18.4.02



No verdadeiro mundo das sombras

Uma das notícias mais deprimentes dos últimos tempos -- que, vamos combinar, não andam sendo propriamente tempos de notícias exultantes -- foi a do fim do no., onde se fazia, além de jornalismo da melhor qualidade, um exercício contínuo de pensamento. Não há como não lamentar o desaparecimento de forma de vida tão inteligente num país que, a cada dia, se supera em baixarias, e em que os heróis da hora são os ninguéms expostos à curiosidade mórbida de um público que a televisão cultiva, cuidadosamente, para a mais completa e insensível imbecilidade.
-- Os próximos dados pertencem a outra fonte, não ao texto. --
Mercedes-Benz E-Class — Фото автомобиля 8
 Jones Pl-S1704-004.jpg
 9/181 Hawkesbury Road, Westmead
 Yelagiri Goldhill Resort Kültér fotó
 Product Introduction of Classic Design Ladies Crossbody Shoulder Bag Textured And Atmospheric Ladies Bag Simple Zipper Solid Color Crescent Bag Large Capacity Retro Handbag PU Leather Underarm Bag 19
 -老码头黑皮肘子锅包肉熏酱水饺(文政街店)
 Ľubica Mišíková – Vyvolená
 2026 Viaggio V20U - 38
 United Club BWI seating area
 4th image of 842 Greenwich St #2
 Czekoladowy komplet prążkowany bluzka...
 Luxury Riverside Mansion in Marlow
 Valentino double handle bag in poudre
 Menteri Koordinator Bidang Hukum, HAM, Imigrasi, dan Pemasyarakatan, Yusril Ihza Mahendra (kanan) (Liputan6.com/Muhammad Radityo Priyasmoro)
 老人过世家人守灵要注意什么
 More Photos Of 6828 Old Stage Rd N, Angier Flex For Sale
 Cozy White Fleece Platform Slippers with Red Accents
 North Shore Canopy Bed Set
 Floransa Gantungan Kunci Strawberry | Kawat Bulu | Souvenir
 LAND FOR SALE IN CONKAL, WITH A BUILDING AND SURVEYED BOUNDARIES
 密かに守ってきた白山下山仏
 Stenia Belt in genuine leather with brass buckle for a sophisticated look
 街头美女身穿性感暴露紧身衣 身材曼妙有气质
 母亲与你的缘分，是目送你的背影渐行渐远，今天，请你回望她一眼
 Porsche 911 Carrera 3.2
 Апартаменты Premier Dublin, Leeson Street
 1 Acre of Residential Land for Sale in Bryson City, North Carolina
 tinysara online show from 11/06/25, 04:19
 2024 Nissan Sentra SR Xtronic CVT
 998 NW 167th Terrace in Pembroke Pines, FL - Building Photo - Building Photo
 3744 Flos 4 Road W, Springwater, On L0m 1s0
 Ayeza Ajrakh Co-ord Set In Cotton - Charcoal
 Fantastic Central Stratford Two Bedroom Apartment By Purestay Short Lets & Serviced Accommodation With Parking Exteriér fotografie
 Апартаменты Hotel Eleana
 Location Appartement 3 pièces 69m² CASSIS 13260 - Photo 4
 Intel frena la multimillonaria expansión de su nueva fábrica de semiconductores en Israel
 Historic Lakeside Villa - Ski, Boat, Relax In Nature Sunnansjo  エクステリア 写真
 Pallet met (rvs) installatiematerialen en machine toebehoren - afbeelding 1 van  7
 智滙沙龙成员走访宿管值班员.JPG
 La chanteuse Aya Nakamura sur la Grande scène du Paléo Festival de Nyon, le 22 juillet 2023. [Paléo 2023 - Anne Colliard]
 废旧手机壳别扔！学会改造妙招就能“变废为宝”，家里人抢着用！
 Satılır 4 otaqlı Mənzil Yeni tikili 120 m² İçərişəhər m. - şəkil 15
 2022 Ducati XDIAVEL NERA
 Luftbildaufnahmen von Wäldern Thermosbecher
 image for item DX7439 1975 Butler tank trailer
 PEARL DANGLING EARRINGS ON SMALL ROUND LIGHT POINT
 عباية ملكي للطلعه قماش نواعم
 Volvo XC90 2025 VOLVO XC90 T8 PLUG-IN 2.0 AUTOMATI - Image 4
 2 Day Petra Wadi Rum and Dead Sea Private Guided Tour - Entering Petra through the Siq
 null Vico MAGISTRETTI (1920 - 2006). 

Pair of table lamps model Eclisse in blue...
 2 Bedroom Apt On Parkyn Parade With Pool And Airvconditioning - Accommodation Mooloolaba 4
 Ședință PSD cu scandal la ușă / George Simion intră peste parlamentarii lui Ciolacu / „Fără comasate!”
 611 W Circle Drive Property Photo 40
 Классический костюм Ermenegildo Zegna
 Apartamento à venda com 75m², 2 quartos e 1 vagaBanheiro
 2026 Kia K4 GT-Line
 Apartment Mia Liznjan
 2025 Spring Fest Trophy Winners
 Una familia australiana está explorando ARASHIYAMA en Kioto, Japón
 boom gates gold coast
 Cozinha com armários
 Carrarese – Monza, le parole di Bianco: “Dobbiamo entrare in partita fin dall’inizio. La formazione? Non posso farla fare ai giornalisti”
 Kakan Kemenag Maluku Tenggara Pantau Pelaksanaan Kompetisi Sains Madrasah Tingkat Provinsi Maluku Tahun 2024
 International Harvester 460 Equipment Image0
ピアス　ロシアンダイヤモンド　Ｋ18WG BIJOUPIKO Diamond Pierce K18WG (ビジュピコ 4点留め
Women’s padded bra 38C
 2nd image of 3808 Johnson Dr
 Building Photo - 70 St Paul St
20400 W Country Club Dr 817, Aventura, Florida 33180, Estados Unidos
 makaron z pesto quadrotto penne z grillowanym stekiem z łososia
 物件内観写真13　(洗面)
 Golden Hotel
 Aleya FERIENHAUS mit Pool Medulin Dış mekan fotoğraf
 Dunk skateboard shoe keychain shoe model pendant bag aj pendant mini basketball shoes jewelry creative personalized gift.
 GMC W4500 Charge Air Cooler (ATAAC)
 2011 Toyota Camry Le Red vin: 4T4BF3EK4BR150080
Sim, eu sei que nós não temos a exclusividade universal da estupidez humana; na verdade, até importamos os piores modelos de fora. Mas em países que se pretendem civilizados há, pelo menos, um equilíbrio de forças, uma margem de escolha. Numa banca de jornais americana, a gente encontra o pior lixo produzido no planeta -- mas encontra também revistas como o New Yorker ou o Atlantic Monthly, escritas por, e para, animais racionais. A Inglaterra tem, sim, os piores jornais do mundo -- mas tem também uma revista como a The Economist, e um teatro que há mais de 500 anos exalta a palavra e a inteligência. Os franceses têm uma televisão ridícula e uma visão do mundo grotesca -- mas dão aos seus escritores o status de popstars. E por aí vai.

A vulgaridade, em alta geral, aparece mais e paga melhor em toda a parte, mas não há como negar que, nos EUA e na Europa, existe uma consciência social em ação que preserva o mínimo de cultura necessário à sobrevivência intelectual da espécie. Ainda há lugares em que, acreditem!, um bom cérebro é mais valorizado do que uma bela bunda; mas todos, infelizmente, ficam muito longe daqui.